Problem:
Transcribe only the lines in the data below falling between the line with "Image of Spare" and the line with "Lafayette 148 New York Lafayette", including those two lines, and leave out any picture.

Given data:
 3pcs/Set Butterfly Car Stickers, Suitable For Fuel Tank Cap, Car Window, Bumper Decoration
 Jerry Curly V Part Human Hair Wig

...

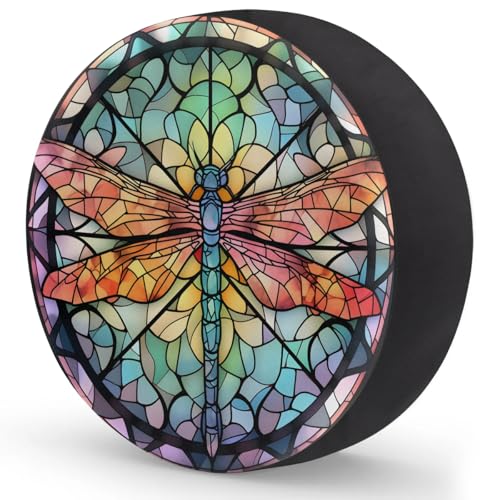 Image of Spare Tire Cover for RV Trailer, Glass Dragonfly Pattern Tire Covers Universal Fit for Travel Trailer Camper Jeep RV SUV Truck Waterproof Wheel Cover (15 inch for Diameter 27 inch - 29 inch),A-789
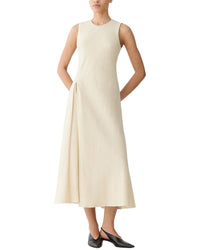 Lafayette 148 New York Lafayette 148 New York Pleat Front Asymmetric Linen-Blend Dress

Written solution:
 Image of Spare Tire Cover for RV Trailer, Glass Dragonfly Pattern Tire Covers Universal Fit for Travel Trailer Camper Jeep RV SUV Truck Waterproof Wheel Cover (15 inch for Diameter 27 inch - 29 inch),A-789
 Lafayette 148 New York Lafayette 148 New York Pleat Front Asymmetric Linen-Blend Dress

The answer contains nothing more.